SHOW REVIEW: Phish at Dick’s (Westword 9/2/2019)

Trey Anastasio at this year's "Phish Dick's" weekend
photo by Charla Harvey

SHOW REVIEW:
Phish at Dick’s
by Adam Perry for Westword 9/2/2019

Rolling Stone once called Phish “the most important band of the ’90s,” and whether or not you like its music, it’s hard not to respect what the geeky Vermont quintet accomplished during that ambitious decade, from playing beautiful, quirky fugues and often-brilliant group improvisations at sold-out hockey arenas, to covering the likes of the White AlbumQuadrophenia and Remain in Light, to putting on festivals for crowds of 70,000.

Now all of Phish’s members, who met in college, are in their mid-fifties, and the group still hits musical heights on stage every night. But the ’90s era of Phish making its eccentric, classical-influenced compositions like “Divided Sky” and “You Enjoy Myself” into gorgeous arena rock and writing interesting tunes like “Guyute” and “Maze” is ancient history. For a long time now, with albums such as Joy, Fuego and Big Boat, Phish has delved into what its fans playfully call “dad rock.”

But those same fans still show up en masse to see the group, as they did over the weekend for Phish’s annual Labor Day weekend run of shows at Dick’s Sporting Goods Park. “Phish Dick’s,” which the annual run is affectionately called by Phish heads, has been going on for nearly a decade, and the band most likely chooses Dick’s over Red Rocks, 1ST BANK Center and Fiddler’s Green because its cult-like fans can camp outside the 27,000-capacity venue.
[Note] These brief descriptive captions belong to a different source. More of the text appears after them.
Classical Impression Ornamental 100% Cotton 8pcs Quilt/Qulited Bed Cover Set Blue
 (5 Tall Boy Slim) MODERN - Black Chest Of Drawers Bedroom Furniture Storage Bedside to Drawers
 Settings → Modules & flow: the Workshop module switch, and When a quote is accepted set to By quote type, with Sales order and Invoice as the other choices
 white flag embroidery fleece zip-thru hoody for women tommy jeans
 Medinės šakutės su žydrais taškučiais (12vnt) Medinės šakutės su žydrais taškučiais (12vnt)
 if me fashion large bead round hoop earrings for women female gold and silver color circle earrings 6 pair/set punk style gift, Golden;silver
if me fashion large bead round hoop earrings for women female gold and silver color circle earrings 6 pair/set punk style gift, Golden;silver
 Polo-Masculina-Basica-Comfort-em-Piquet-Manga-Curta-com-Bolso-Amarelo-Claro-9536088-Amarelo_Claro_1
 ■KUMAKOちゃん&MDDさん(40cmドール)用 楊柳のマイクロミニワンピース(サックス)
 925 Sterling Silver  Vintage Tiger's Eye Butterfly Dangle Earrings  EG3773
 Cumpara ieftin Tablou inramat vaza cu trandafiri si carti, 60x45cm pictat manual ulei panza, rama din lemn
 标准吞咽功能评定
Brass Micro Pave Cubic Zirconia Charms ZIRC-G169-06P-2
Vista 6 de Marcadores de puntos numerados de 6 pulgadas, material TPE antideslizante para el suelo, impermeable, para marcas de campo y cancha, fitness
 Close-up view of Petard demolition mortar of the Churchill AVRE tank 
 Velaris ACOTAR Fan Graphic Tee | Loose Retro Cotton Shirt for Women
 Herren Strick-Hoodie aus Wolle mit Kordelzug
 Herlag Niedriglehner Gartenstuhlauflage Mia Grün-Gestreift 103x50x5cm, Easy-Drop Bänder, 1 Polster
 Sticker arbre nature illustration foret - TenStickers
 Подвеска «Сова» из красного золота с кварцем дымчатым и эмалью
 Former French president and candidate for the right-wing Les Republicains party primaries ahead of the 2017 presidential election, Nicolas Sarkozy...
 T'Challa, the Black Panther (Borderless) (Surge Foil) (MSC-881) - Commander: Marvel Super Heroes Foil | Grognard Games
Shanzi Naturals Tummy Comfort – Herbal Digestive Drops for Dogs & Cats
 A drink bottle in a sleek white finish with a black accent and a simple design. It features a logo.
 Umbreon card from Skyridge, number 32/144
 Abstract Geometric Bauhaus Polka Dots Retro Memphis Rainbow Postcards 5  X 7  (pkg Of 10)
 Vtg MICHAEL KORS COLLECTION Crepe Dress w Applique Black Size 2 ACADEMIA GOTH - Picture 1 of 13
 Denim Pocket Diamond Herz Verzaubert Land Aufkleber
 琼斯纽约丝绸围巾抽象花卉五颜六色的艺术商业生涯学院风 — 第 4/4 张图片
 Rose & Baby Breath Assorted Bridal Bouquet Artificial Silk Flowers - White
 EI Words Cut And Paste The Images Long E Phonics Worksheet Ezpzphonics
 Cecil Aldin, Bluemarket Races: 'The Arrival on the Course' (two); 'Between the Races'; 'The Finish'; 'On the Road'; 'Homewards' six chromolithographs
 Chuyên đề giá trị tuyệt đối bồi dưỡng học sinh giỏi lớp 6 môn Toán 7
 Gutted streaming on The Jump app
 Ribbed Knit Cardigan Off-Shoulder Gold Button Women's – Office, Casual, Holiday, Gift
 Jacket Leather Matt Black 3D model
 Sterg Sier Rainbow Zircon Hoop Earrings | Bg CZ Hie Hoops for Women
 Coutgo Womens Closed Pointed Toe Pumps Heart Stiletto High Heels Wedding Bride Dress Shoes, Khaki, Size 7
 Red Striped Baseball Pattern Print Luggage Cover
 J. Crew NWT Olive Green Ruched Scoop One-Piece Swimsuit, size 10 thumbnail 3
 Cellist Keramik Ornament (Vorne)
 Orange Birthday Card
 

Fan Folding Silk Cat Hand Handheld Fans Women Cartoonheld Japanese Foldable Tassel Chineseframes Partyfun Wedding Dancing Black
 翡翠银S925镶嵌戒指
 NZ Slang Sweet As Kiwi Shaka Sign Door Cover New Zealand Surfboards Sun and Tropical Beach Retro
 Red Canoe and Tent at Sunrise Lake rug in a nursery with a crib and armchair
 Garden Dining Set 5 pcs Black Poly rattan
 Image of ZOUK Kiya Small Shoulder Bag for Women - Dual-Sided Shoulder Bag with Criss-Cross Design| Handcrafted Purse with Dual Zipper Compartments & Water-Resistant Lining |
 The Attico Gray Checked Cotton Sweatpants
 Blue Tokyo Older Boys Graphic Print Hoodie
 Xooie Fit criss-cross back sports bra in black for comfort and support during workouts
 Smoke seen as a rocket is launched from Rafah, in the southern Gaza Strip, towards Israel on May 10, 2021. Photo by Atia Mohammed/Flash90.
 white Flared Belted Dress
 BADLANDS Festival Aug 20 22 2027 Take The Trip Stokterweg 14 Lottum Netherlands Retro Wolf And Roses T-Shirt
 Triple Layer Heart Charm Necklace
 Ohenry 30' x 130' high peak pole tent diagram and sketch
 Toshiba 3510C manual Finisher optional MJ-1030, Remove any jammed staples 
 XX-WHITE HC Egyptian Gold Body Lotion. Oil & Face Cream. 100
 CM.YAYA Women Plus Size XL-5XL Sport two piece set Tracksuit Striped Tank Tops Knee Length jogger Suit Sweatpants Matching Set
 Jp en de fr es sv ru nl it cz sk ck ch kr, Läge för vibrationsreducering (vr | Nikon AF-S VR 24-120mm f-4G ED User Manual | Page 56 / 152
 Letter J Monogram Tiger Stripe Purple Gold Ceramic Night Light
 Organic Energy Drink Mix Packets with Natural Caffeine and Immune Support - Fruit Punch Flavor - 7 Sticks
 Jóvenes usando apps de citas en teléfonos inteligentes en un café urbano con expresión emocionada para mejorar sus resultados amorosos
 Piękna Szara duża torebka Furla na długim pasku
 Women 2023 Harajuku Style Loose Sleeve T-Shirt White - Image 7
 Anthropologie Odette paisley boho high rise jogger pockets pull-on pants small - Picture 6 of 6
Even though camping was canceled this year because of plague-infested prairie dogs, inside it was a smiley Colorado love-fest for Phish. The band is still incredibly ambitious at times, in impressive and lovable ways — from playing thirteen straight shows at Madison Square Garden a few years ago without repeating a song to writing a whole album for a fictitious Scandinavian prog-rock outfit. On Friday night at Dick’s, fans gamely waded through dad rock for intermittent peaks of marvelous guitar solos from Trey Anastasio and the group’s famously volcanic jams.